Before the 2008-09 global banking crisis, China’s GDP increased by an average of 10% per year for 30 years. The money supply increased right along with it, created on the books of its state-owned banks. Japan under Prime Minister Shinzo Abe has been following suit, with massive economic stimulus funded by correspondingly massive purchases of the government’s debt by its central bank, using money simply created with computer keystrokes.
All of this has occurred without driving up prices, the dire result predicted by US economists who subscribe to classical monetarist theory. In the 20 years from 1998 to 2018, China’s M2 money supply grew from just over 10 trillion yuan to 180 trillion yuan ($11.6T), an 18-fold increase. Yet it closed 2018 with a consumer inflation rate that was under 2%. Price stability has been maintained because China’s Gross Domestic Product has grown at nearly the same fast clip, by a factor of 13 over 20 years.

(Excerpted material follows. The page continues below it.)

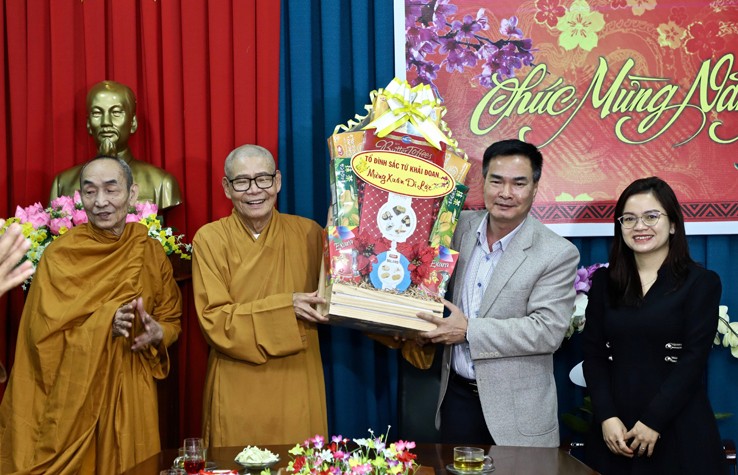 Tặng quà chúc mừng năm mới đến Ban Tôn giáo tỉnh Tặng quà chúc mừng năm mới đến Ban Tôn giáo tỉnh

In Japan, the massive stimulus programs called “Abenomics” have been funded through its central bank. The Bank of Japan has now “monetized” nearly 50% of the government’s debt, turning it into new money by purchasing it with yen created on the bank’s books. If the US Fed did that, it would own $11 trillion in US government bonds, four times what it holds now. Yet Japan’s M2 money supply has not even doubled in 20 years, while the US money supply has grown by 300%; and Japan’s inflation rate remains stubbornly below the BOJ’s 2% target. Abe’s stimulus programs have not driven up prices. In fact deflation remains a greater concern than inflation in Japan, despite unprecedented debt monetization by its central bank.
China’s Economy: A Giant Ponzi Scheme or a New Economic Model?
Critics have long called China’s economy a Ponzi scheme, doomed to collapse in the end; and for 40 years China has continued to prove the critics wrong. According to a June 2019 report by the Congressional Research Service:
Since opening up to foreign trade and investment and implementing free-market reforms in 1979, China has been among the world’s fastest-growing economies, with real annual gross domestic product (GDP) growth averaging 9.5% through 2018, a pace described by the World Bank as “the fastest sustained expansion by a major economy in history.” Such growth has enabled China, on average, to double its GDP every eight years and helped raise an estimated 800 million people out of poverty. China has become the world’s largest economy (on a purchasing power parity basis), manufacturer, merchandise trader, and holder of foreign exchange reserves.